Bug Park by James P. Hogan

“Yes, Doug told me about those.”

“Then what else do you want me to add?”

Michelle raised a conciliatory hand. “Well, no disrespect or anything, Eric, but one person’s assurance isn’t really enough in this kind of situation. I’d need to go through the records you have of exactly what was said at the time, and any references that pertain. Also, it would help if you could point me to other specialists in the field who could give an opinion.”

“Yes, yes,” Eric said, nodding several times. “Of course you can have all that. . . .” He read the expression on her face that said there was more and let his eyebrows ask the question.

“Do you really think that was all there was to it?” she said. “Or could those imaginations and those pieces of journalism have had a motive?”

“Oh, I see. You have been talking to Doug, haven’t you.”

“Just doing my job,” Michelle reminded him.

“Jealousy at Microbotics. Fear of being left behind. A scheme concocted to discredit the technology. . . .”

“It wouldn’t be the first time that something like that has happened,” Michelle pointed out.

“Practically anything you can name has happened, but that doesn’t mean every piece of tabloid gossip is right,” Eric countered.

Michelle hesitated, wondering if it would be diplomatic to bring up the subject of Vanessa’s previous husband just then. But Corfe had been particularly anxious to make known his suspicions regarding Jack Anastole’s involvement. She could hardly get this close and shy away now. “Wasn’t Jack supposed to have had documented proof?” she said finally.
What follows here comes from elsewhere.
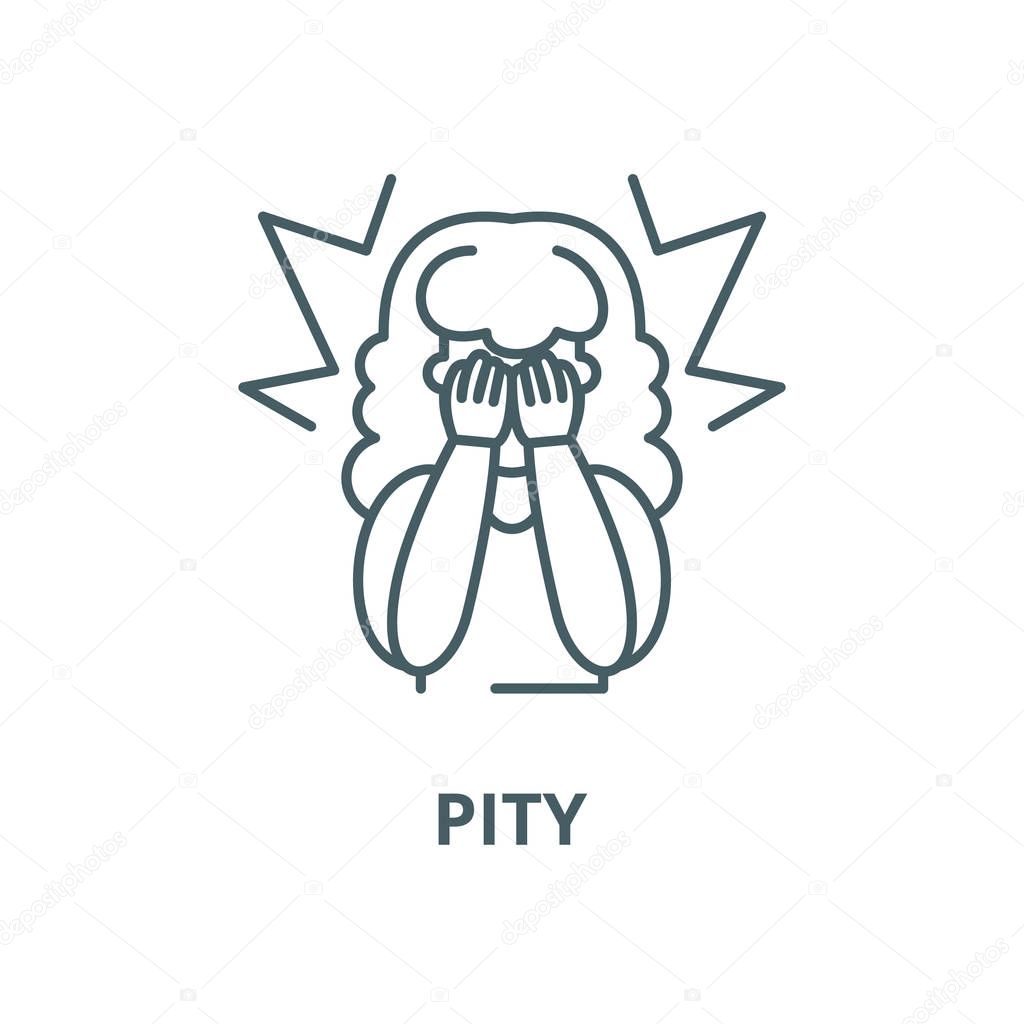 Pity vector line icon, linear concept, outline sign, symbol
“Oh, you know about him too?”

“He said he had evidence that something like that was going on—the names, everything.”

Eric flashed a humorless grin. “That’s what he said. And for a while I took him seriously. But when the time came for him to produce it, it all suddenly evaporated. And so did he—but I suppose you know all that too.”
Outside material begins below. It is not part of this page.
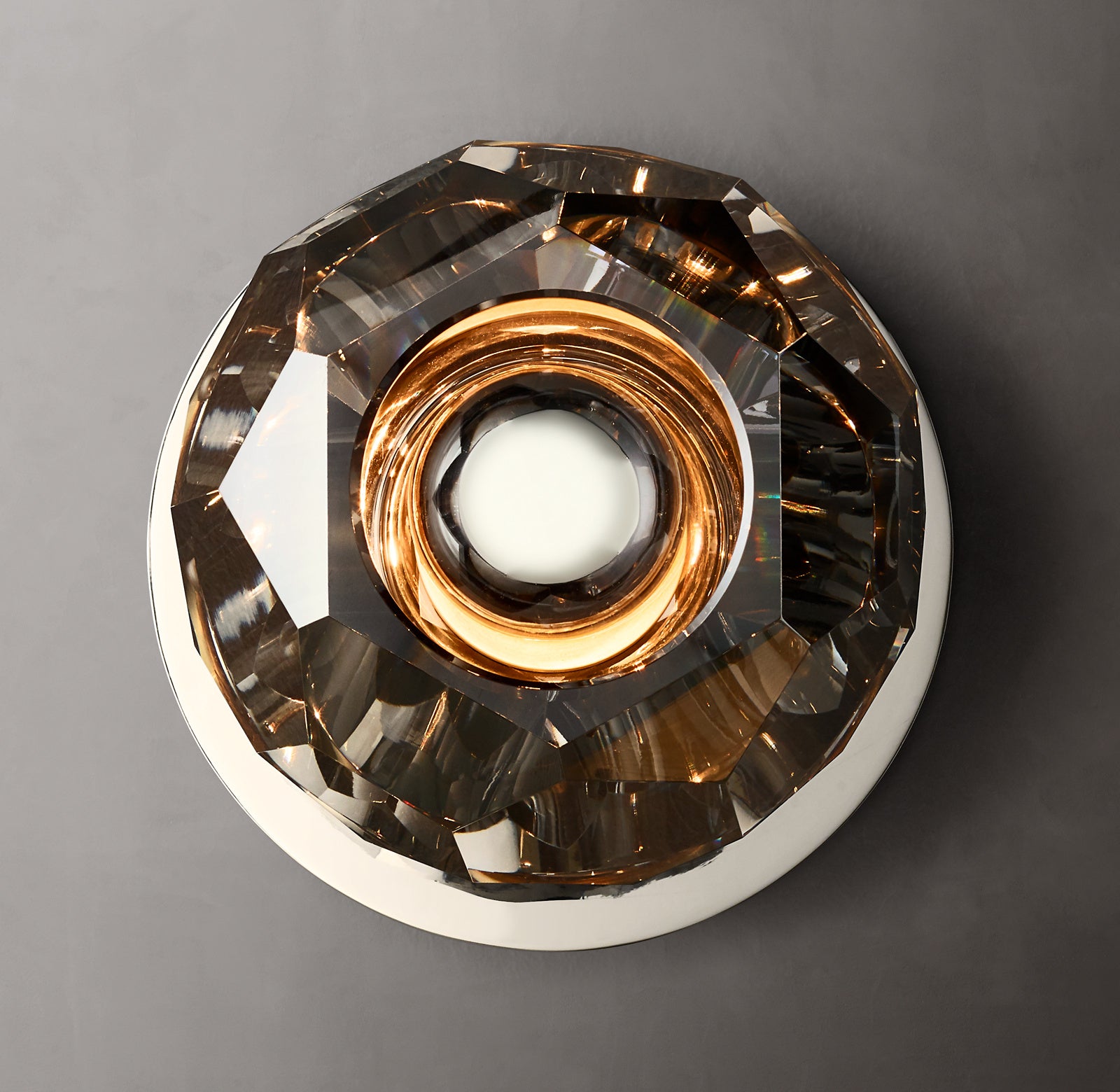 Boule De Smoke Crystal Ball Petite Wall Sconce-konalight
“Isn’t it possible that he could have been bought off?” Michelle ventured.

Eric showed both palms and made a face. “Anything’s possible. But any scientist would be suspicious of a proposition contrived for no other reason than to explain away a lack of evidence. So should any lawyer.” He looked at her challengingly, as if to say that as far as he was concerned that wrapped it all up. Michelle bit her lip.

“Why would he make something like that up?” she persisted.

“Who knows? Perhaps he didn’t actually make it up—not consciously, anyway. More likely he had his suspicions, just like Doug, got all fired up to build a case around them—and wishful thinking did the rest, for a while. But by the time Jack came to see things more soberly, he’d implicated some influential people at Microbotics and elsewhere. When he realized there was nothing in it, he accepted a peace offer and made himself scarce until the dust settled.”

Michelle waited for a moment and then said neutrally, “Who’s contriving explanations now?”

Eric’s head jerked up sharply. He could have reacted with pique, anger, or a curt denial. Michelle tensed inwardly. But instead, his face creased into a grin of admission that she found warming. “Okay, you’ve got me,” he conceded. “So, I take it that you buy into this conspiracy theory of Doug’s. But, then, we’ve already agreed that lawyers have to be suspicious of everything, haven’t we?”

As it applied just then, Eric’s observation was even truer than he realized. As a result of the further research she had done and her subsequent reflections, suspicions had begun forming in Michelle’s mind of possibilities a lot more serious than just a disinformation conspiracy—suspicions that she had so far not confided even to Corfe. She studied Eric’s face, looking for a clue to whether this was the time to broach them. For clearly, Eric hadn’t made the connection, any more than Corfe had.

“Very much so,” she agreed. “As you say, about everything.”

Eric caught her tone. “What is that supposed to mean?”

“It does seem . . .” Michelle reconsidered her words and began again, articulating slowly. “If there was . . . something, to what Jack was claiming, there are people who might construe what happened to him, when it did, an extremely fortuitous coincidence. . . . Wouldn’t you agree?”